• WORK INSTRUCTIONS: In the entries that follow, find the line containing "Que es Activo" and the line containing "Vriendin van verdachte", then copy exactly everything from the first through the second except the pictures.

• STUDY MATERIAL:
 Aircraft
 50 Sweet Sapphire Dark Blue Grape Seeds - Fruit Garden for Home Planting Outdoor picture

--

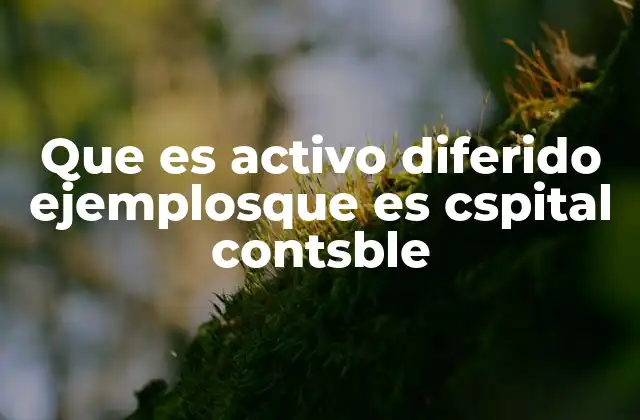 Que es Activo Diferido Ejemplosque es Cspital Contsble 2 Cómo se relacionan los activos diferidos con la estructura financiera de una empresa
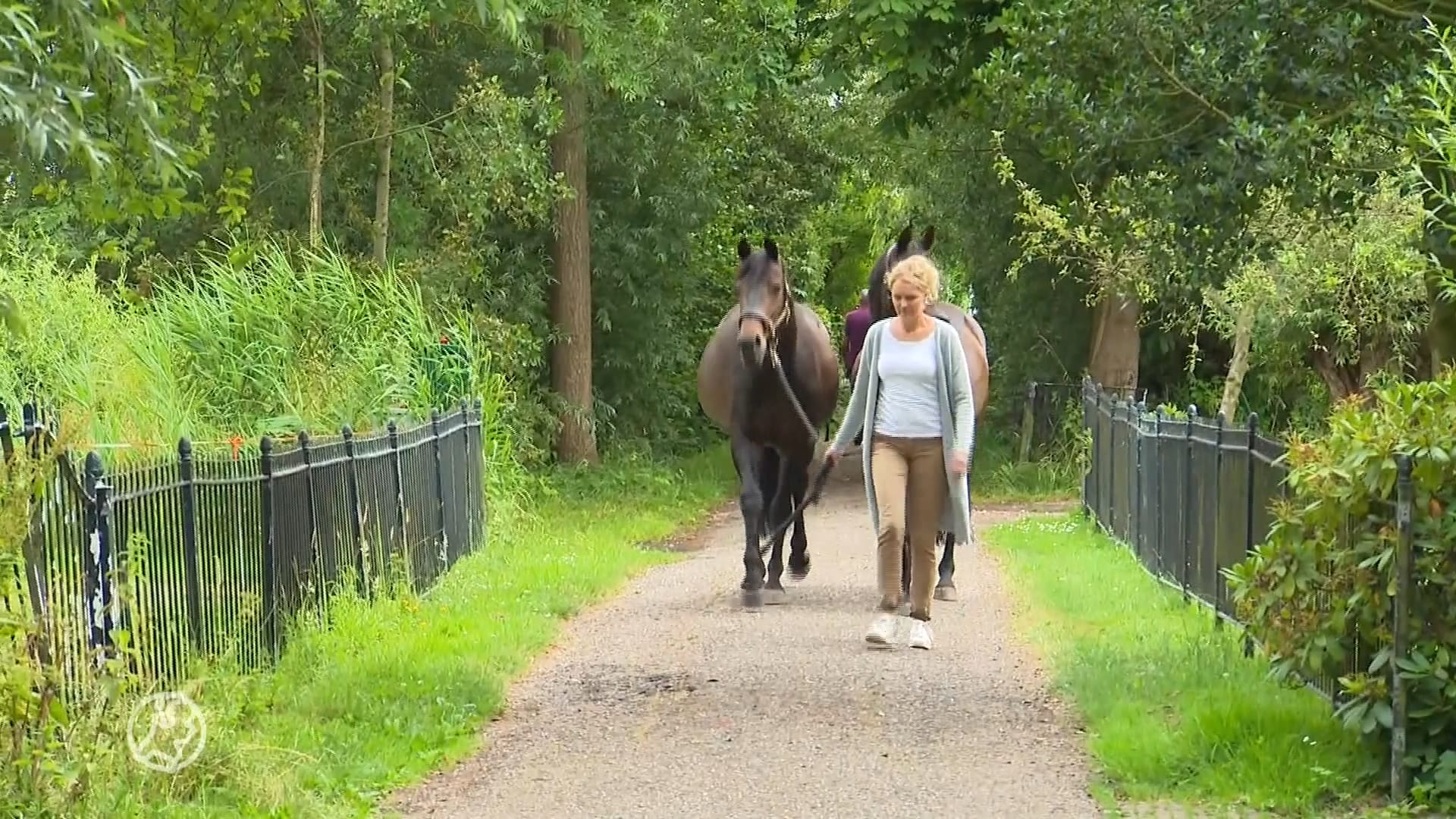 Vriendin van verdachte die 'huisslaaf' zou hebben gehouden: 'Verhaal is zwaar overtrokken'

• WRITTEN REPLY:
 Que es Activo Diferido Ejemplosque es Cspital Contsble 2 Cómo se relacionan los activos diferidos con la estructura financiera de una empresa
 Vriendin van verdachte die 'huisslaaf' zou hebben gehouden: 'Verhaal is zwaar overtrokken'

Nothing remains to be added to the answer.